Summertime at Five Acre Farm

This month we’re enjoying the long sunny days. The shop is bursting with seasonal produce and treats to enjoy during the summer evenings. From green leafy veg grown on our farm, to delicious locally produced ice creams from Brickells and Marshfield Farm.

We have got all the necessities for a picnic or camping trip, with sustainable and beautiful food storage solutions from Elephant Box, bamboo cutlery, stainless steel drinking straws and beautiful enamel mugs. We even have vegan marshmallows to toast over the fire!

If it’s a picnic in the park you are after then we have lots of goodies produced by our 5 Acre Kitchen. Try our delicious mushroom sausage rolls, frittatas, sandwiches and salads, or falafels from Jacob’s Finest, hummus from the wonderful Moist, bread from Mark’s Bread and cheese and olives from our deli fridge.

Reading List

We have a superb range of seasonal books in the shop, perfect to take away on holiday!

The Salt Path

In one devastating week, Raynor and her husband Moth lost their house and received a terminal diagnosis. With nowhere to call home, they embarked on a journey along the South West Coast Path, a 630-mile sea-swept trail from Somerset to Dorset via Devon and Cornwall, carrying the essentials for survival on their backs. An unflinchingly honest and life-affirming true story about coming to terms with grief, the healing power of nature, and how home can be rediscovered in the most unexpected way.

Wild Nights Out

Learn how to call for owls, walk like a fox and expand your perception with this guide to exploring nature at night, whether on summer holidays, weekends away or even garden adventures. Alongside games, walks and exercises to expand our senses, storyteller and outdoor educator Chris Salisbury brings this nocturnal dimension to life with lore about badgers, bats and minibeasts, as well as tales of the constellations and planets to share around the campfire.

Charred

Cooking over fire doesn’t always have to be about hunks of meat. Chargrilling and barbecue are fantastic ways of getting the maximum flavour out of versatile vegetables. With sections on Stuffed and wrapped veg; Burgers and fritters; Kebabs; Low, slow and smoked; and Sharing Platters, this book ensures vegetarian dishes will be the highlight of every meal, with the likes of whole roast cauliflower drenched in spiced garlic butter, griddled radicchio with burrata and figs, and corn on the cob with Cambodian coconut, lime and chilli.

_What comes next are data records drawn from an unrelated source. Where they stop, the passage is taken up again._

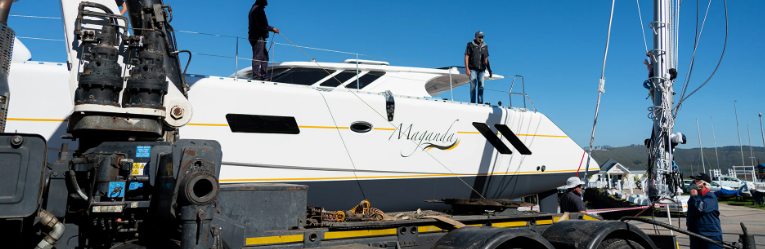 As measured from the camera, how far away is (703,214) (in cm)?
586

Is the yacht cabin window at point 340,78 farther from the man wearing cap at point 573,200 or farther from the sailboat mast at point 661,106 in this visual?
the sailboat mast at point 661,106

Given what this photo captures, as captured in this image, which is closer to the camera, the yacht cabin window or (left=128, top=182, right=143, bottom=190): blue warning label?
(left=128, top=182, right=143, bottom=190): blue warning label

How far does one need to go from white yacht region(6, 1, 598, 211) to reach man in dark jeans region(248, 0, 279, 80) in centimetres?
46

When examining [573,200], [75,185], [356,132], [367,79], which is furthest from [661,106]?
[75,185]

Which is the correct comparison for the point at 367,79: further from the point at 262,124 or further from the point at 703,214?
the point at 703,214

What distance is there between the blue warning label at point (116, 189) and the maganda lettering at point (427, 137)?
5.66m

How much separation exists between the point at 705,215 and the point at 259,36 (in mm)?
6702

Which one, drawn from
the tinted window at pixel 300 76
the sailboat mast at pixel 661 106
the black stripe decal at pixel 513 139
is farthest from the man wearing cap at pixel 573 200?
the tinted window at pixel 300 76

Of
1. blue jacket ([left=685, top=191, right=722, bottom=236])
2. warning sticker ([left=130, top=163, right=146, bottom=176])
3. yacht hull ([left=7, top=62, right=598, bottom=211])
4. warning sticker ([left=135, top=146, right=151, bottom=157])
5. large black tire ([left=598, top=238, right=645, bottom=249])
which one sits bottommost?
large black tire ([left=598, top=238, right=645, bottom=249])

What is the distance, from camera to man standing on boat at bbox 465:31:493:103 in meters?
10.4

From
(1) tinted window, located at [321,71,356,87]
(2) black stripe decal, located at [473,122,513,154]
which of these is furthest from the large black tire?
(1) tinted window, located at [321,71,356,87]

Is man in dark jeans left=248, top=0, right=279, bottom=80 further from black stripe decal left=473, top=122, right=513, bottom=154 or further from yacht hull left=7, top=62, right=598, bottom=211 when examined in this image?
black stripe decal left=473, top=122, right=513, bottom=154

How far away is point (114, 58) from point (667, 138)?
34.6ft

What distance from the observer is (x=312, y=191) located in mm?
8258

We also have kids books, activity books, jigsaws, cookery books and origami kits to keep the kids  (and big kids) amused on rainy days.

Down on the farm

We are currently tipping towards the height of the growing season where the longer and (mostly) warmer days mean that, to quote the growing team, “everything is growing in abundance including the weeds!”

Currently cropping are mange tout, which are probably the sweetest I have ever tasted, rainbow chard, spinach, baby bunched carrots, red Russian kale salad leaf, courgettes, herbs and spring onions.

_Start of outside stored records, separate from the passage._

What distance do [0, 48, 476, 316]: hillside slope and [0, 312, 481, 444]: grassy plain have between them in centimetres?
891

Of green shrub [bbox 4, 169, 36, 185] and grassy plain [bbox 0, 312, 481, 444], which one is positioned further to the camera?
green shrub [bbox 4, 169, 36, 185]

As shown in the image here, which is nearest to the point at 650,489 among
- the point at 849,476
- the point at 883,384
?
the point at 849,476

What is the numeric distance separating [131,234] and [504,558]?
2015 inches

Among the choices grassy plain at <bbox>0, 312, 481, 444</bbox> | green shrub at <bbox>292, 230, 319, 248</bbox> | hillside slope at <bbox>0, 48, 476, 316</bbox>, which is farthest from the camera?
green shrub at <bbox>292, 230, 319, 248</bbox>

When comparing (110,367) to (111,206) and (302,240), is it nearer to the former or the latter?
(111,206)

We should start to get cucumbers and broad beans in the next few weeks with the first of this year’s tomatoes to follow. This year we are also growing tomatillos and cucamelons, watch this space for updates!

The flower beds have been planted up and we will be selling pick your own flowers later in the season. We currently have a team building a timber framed building we have named the Flower Barn, we will be selling our home grown flowers, plants and produce from the farm in the Flower Barn, seven days a week from July onwards.

Recipe of the month

This months recipe is a summery courgette, pea and mint soup. 

INGREDIENTS

  • 1 tbsp olive or rapeseed oil
  • 200g onions, peeled and roughly chopped
  • 500g courgettes, roughly chopped
  • 500g freshly podded or frozen peas
  • 25g veg bouillion
  • 30g fresh mint, taken off the stems/stalks and roughly chopped
  • Salt & pepper
  • Zest of a lemon
  • A dollop of crème fraiche or oat/coconut alternative (optional)

METHOD

STEP 1
Put a large pan over medium heat, add the olive or rapeseed oil. Once the oil is hot, add the onions and cook for about 10 mins, stirring occasionally until the onions are soft (but not brown). Add the courgette and cook for a further 5 mins. Add about 500ml water and the bouillon and simmer for 10-15 mins or until the courgettes are tender.

STEP 2
Add the peas and seasoning and simmer for a further 5 mins or until the peas are tender. Take off the heat, add the mint and lemon zest and blitz with a stick blender. For a touch of luxury add a dollop of crème fraiche or vegan equivalent. Serve with a hunk of bread and a scattering of fresh mint.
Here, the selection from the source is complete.